What he did was to point so irresistibly in the right direction, that a
reader of any intelligence should be in no doubt as to the road he ought
to take, and then to contradict himself so flatly as to reassure those
who would be shocked by a truth for which they were not yet ready. If I
am right in the view which I have taken of Buffon's work, it is not easy
to see how he could have formed a finer scheme, nor have carried it out
more finely.
I should, however, warn the reader to be on his guard against accepting
my view too hastily. So far as I know I stand alone in taking it.
Neither Dr. Darwin, nor Flourens, nor Isidore Geoffroy, nor Mr. Charles
Darwin see any subrisive humour in Buffon's pages; but it must be
remembered that Flourens was a strong opponent of mutability, and
probably paid but little heed to what Buffon said on this question;
Isidore Geoffroy is not a safe guide, few men indeed less so. Mr.

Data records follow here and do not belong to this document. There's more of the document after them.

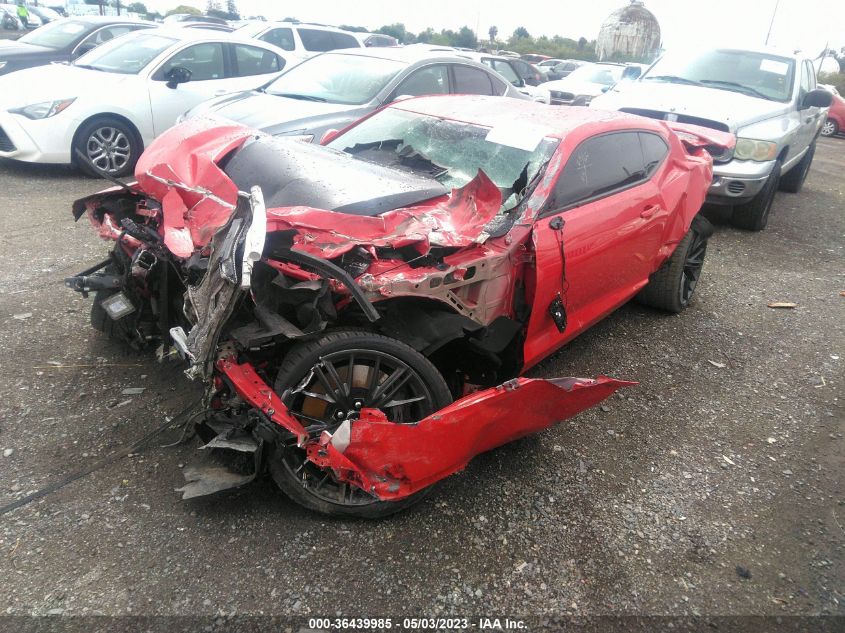 2018 CHEVROLET CAMARO ZL1 - 1G1FK1R6XJ0117547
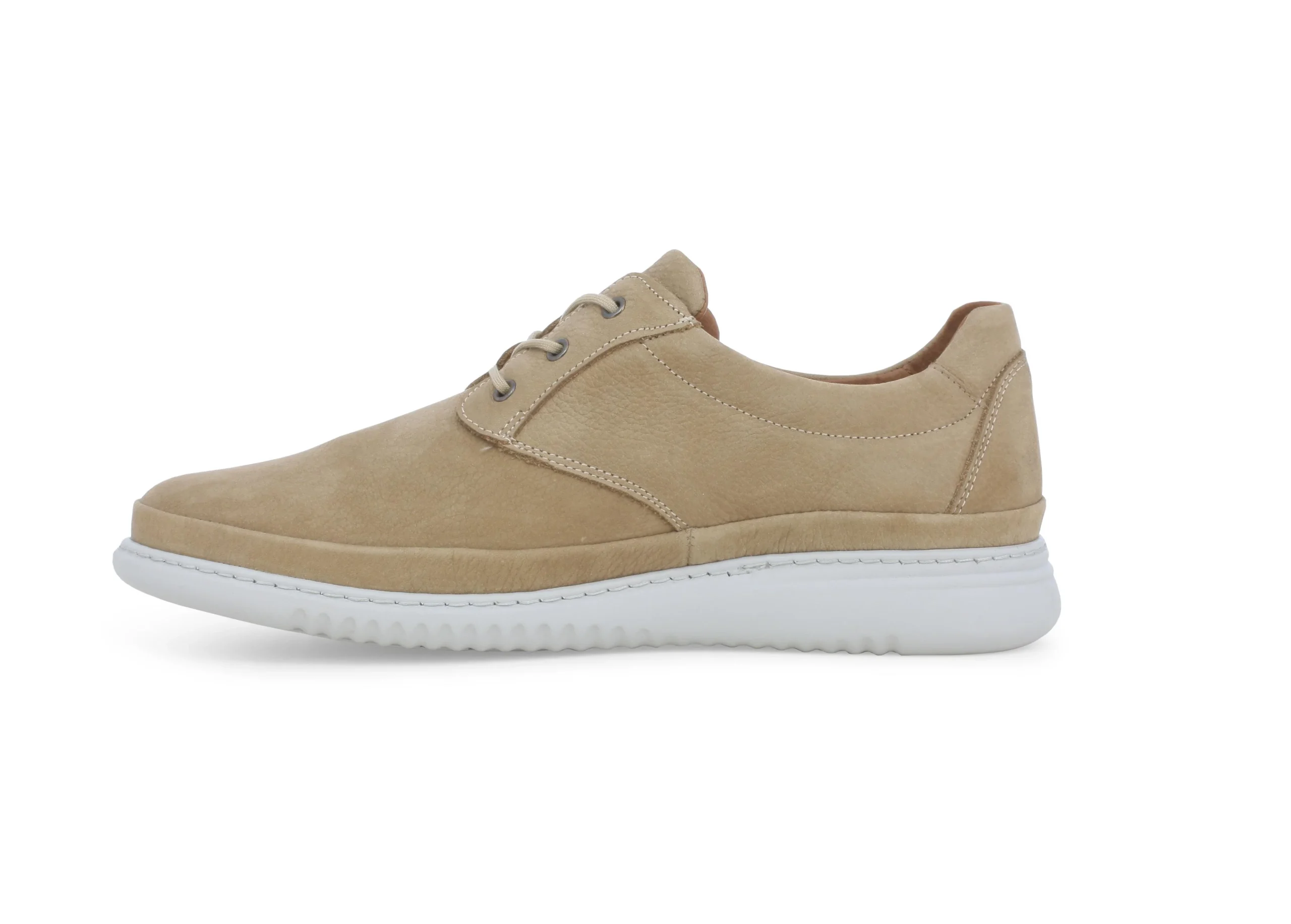 Melluso Scarpe Stringate Uomo Comfort Dinamico Tomaia Nabuk - immagine 4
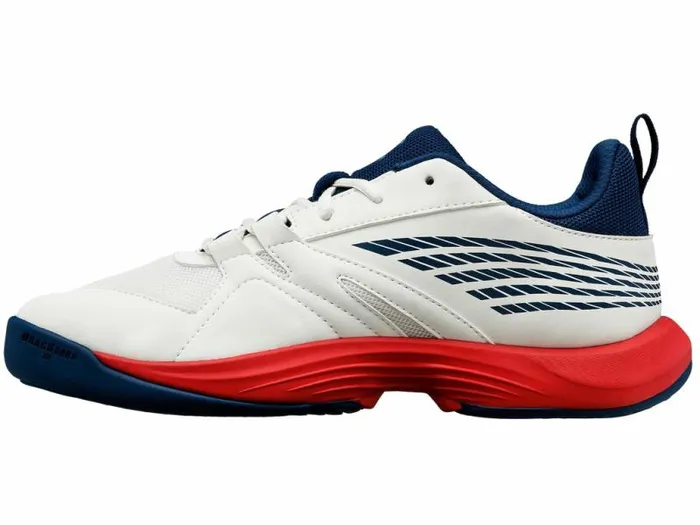 Kids KSwiss Tennis SPEEDTRAC Blanc De Blanc Blue Opal lollipop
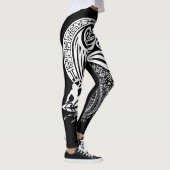 Leggings Surf de minuit (Droite)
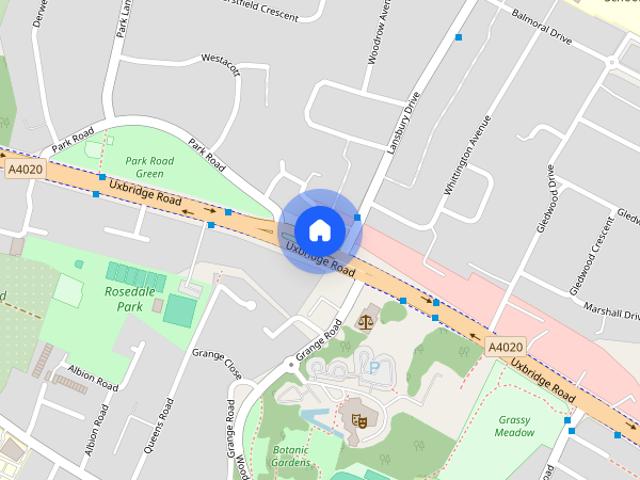 Uxbridge Road, Hayes, Hillingdon
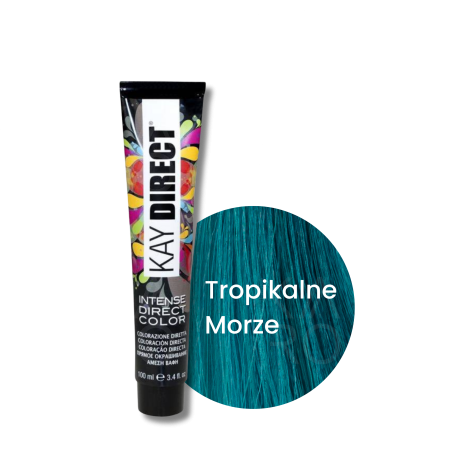 KAYPRO KAY DIRECT bezpośredni toner do włosów 100 ml | Tropikalne Morze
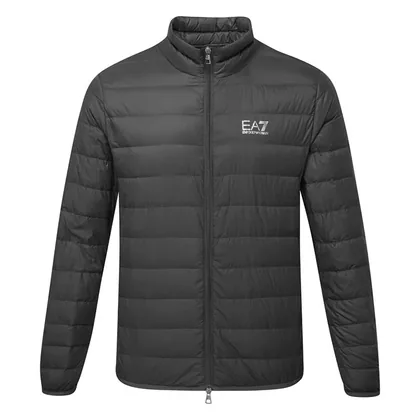 Emporio Armani Core Identity Down Full Zip Golf Wind Jacket Asphalt 8NPB23-U8117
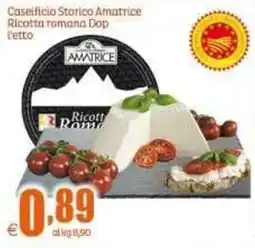 Elite Ricotta romana Dop Amatrice offerta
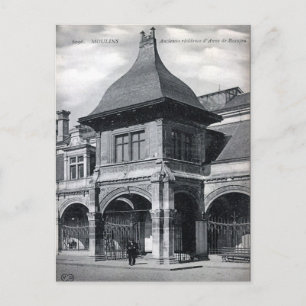 Old Postcard - Moulins, Allier, Frankreich Postkarte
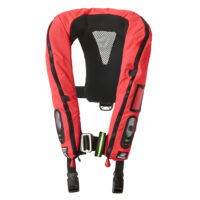 BALTIC Legend 305N Reddingsvest | rood of zwart | met Harnas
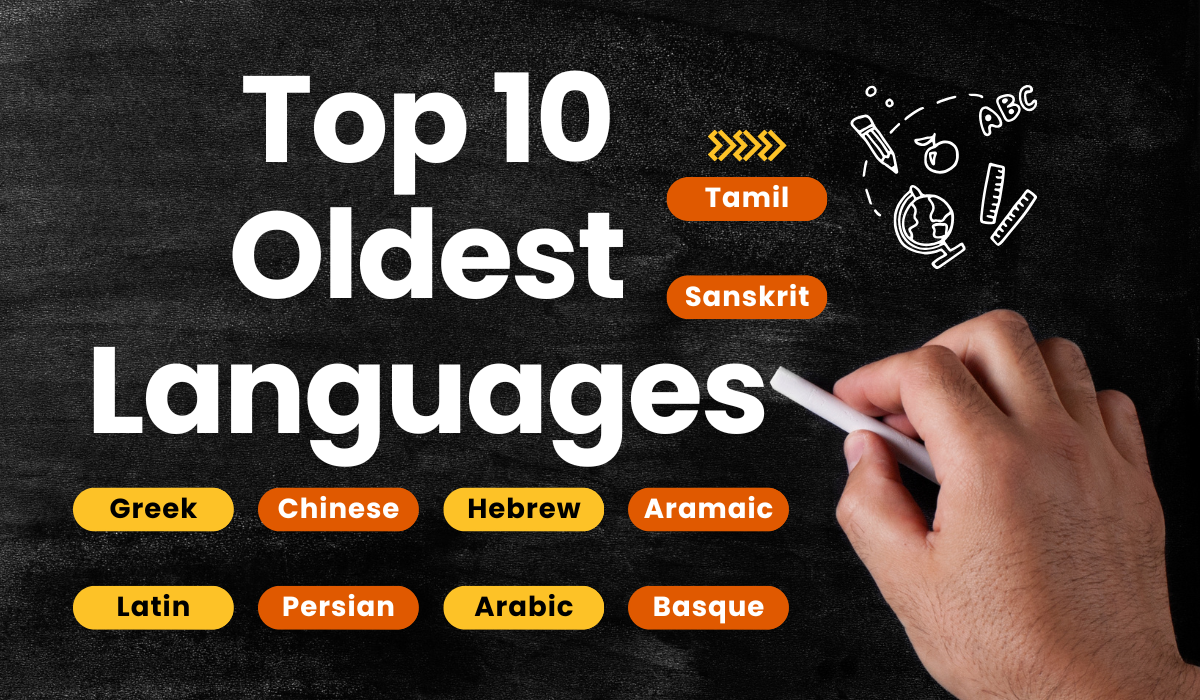 Top 10 Oldest Languages in the World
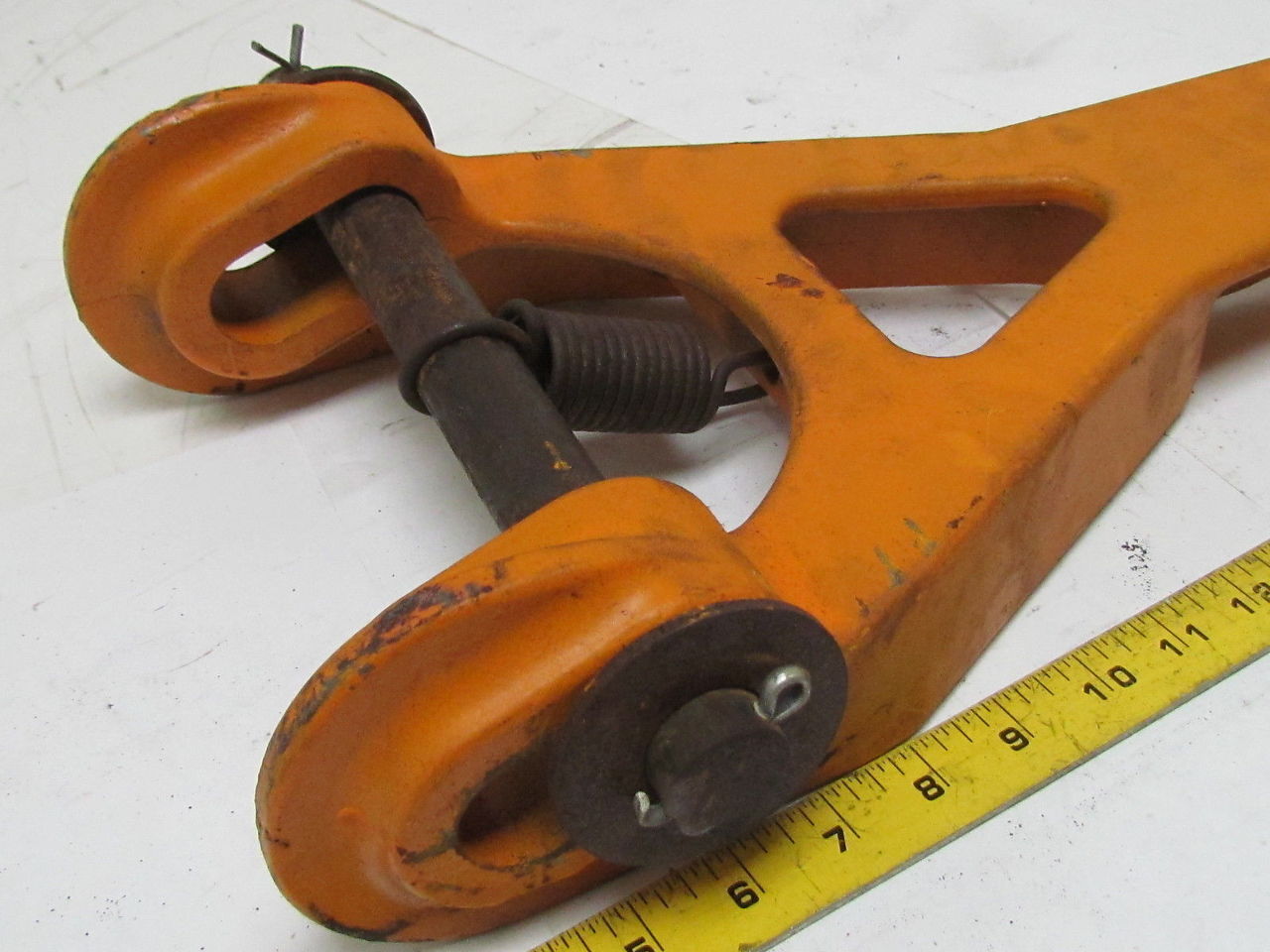 Rose 1914B Heavy Duty 2000lb 24" Industrial Train Tug Hook Truck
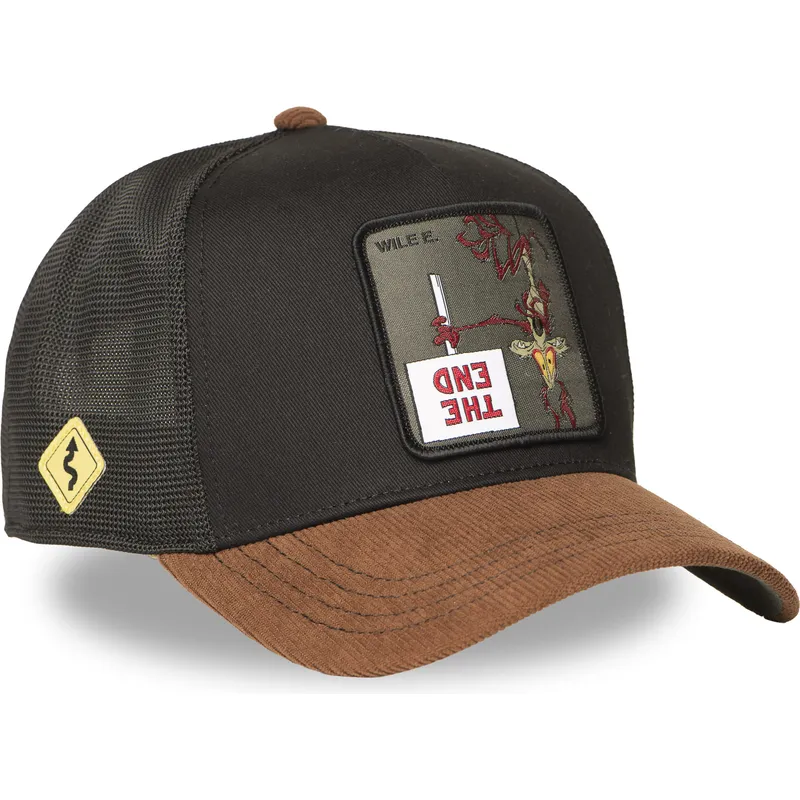 kapa-zaobljena-crna-snapback-loo12-wi2-kojot-looney-tunes-capslab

Charles Darwin seems to have adopted the one half of Isidore Geoffrey's
conclusions without verifying either; and Dr. Erasmus Darwin, who has no
small share of a very pleasant conscious humour, yet sometimes rises to
such heights of unconscious humour, that Buffon's puny labour may well
have been invisible to him. Dr. Darwin wrote a great deal of poetry,
some of which was about the common pump. Miss Seward tells us, that he
"illustrated this familiar object with a picture of Maternal Beauty
administering sustenance to her infant.